Самым увлекательным были его «Путешествия вокруг моей комнаты». Комната была богата всевозможными коллекциями, развешанными по стенам в витринах, расставленными в шкафчиках, — и чего только в них не было! Чего только не видала на своем веку и не могла рассказать каждая стоявшая там безделка! Вот японский поднос, подарок А. Ф. Кони, на котором, как писал Александр Иванович, «точно застыл солнечный луч», вот позеленевшие монеты, за которыми открывался белый форум Рима, Цезари, первое христианство… Вот древние иконы, уносившие нас в пеструю и блещущую Византию, прямо во дворец Юстиниана… А маленькая статуэтка Иоанны д'Арк… А грушевидная голова короля Людовика-груши, как живая, смотревшая на нас с полки старинного фарфора и давшая ему предлог перед широко открытыми детскими глазами обрисовать неясные, грозные и прекрасные черты великой революции…

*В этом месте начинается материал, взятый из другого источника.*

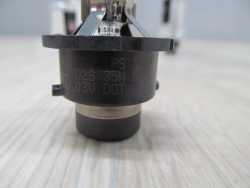 SAAB 9-5 95 LIFT ZARNIK XENON PHILIPS 85122 D2S 06-10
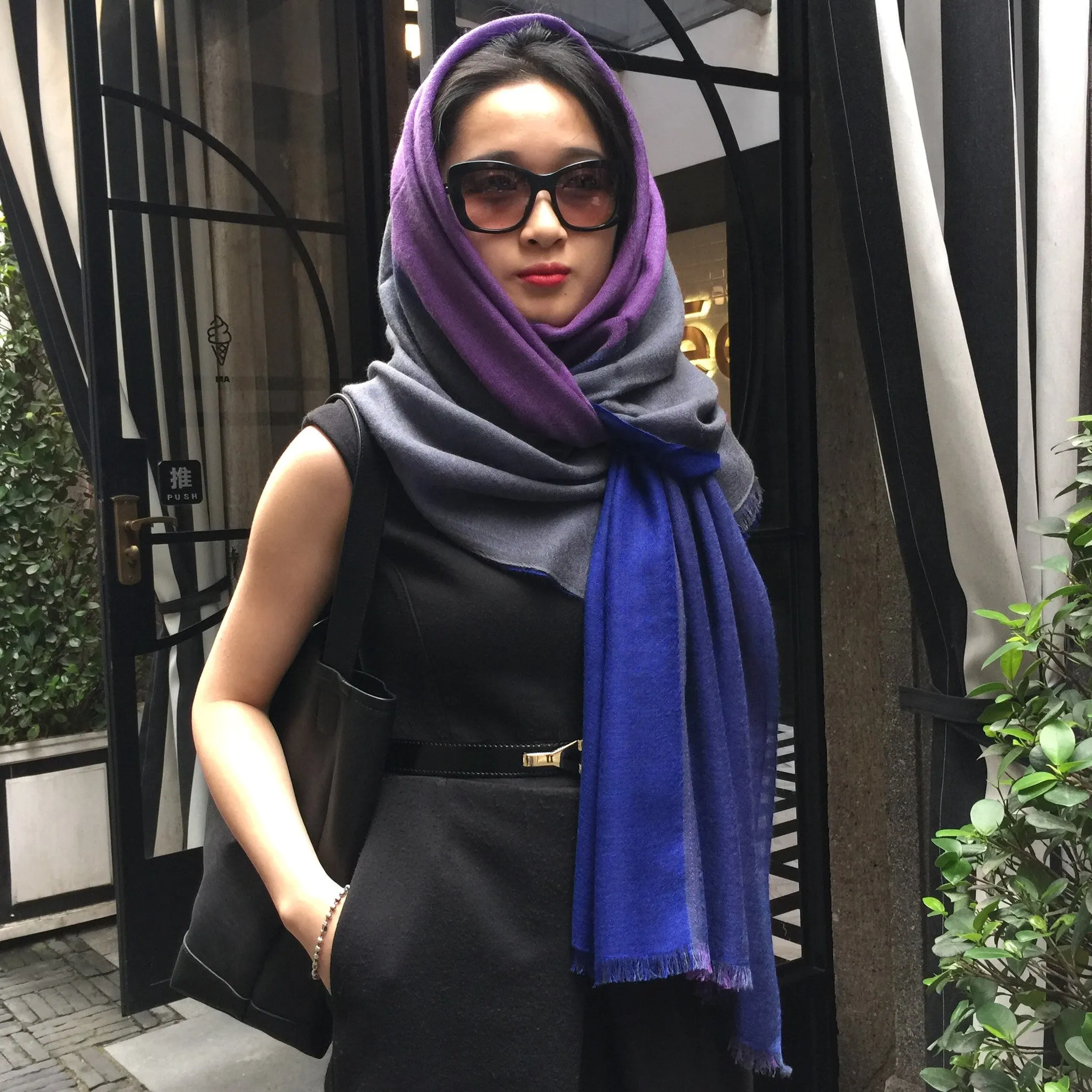 Stunning Quadra Cashmere Scarf - Elegant Blue & Purple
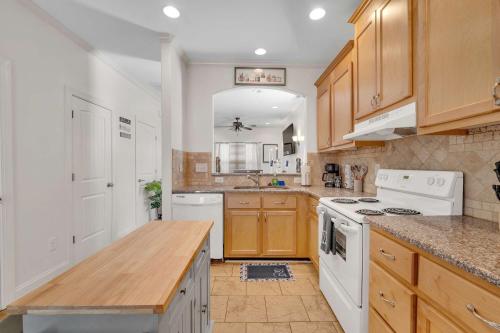Cozy 2B Townhouse - King Bed in Concord, USA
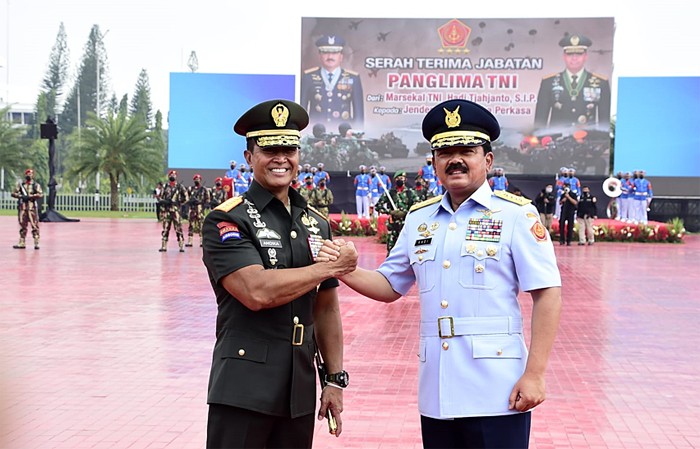 Upacara serah terima jabatan Panglima TNI dari Marsekal TNI Hadi Tjahjanto kepada Jenderal TNI Andika Perkasa di Plaza Mabes TNI.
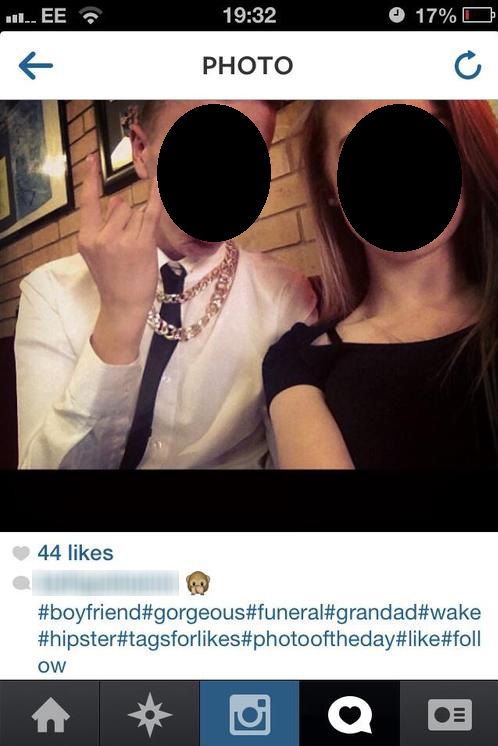 Aux funérailles, beaucoup n'hésitent plus à oser le selfie. // Source : selfiesatfunerals / Tumblr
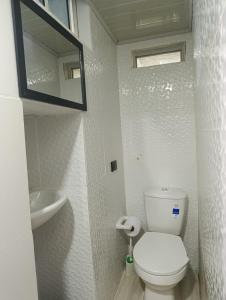 Phòng tắm tại APARTAMENTOS LIZ MARIA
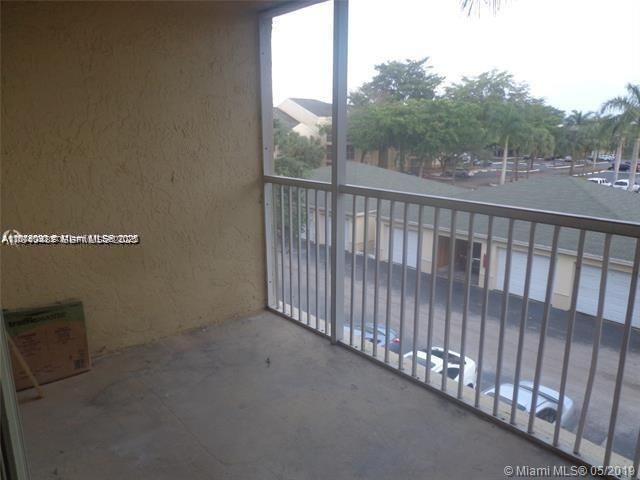 5686 Rock Island Road 129, Tamarac, FL 33319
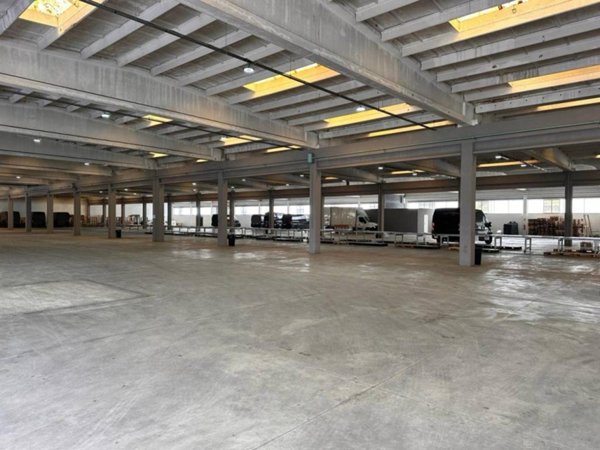 locale commerciale in affitto a Ferentino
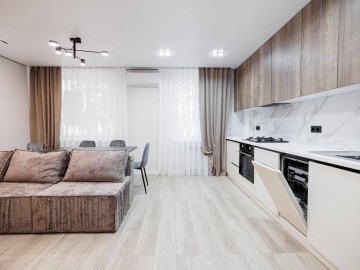 Apartament cu 2 camere, 56m², Ion Creangă photo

Саше надоедало слушать — он всему на свете предпочитал спорт, гимнастику, охоту, верховую езду. (А между прочим, бедный Саша, — к счастью, уже после смерти отца, — этот бедный Саша, не любивший и не понимавший поэзии, застрелился из-за несчастной любви…) Но в те времена Саша был не таким сыном, о каком мечтал Александр Иванович. Отец вздыхал, видя, что Саше скучно с ним… как-то смущенно гладил меня по голове и говорил: «Ну, слушай, умница моя… ты ведь у меня умница…» И опять уводил меня за собой куда-нибудь в далекие страны или читал мне красивые стихи. Он своеобразно занимался со мной по-французски: нам заменял учебники какой-нибудь поэт. И первым я получала от французского языка самое красивое, что в нем было.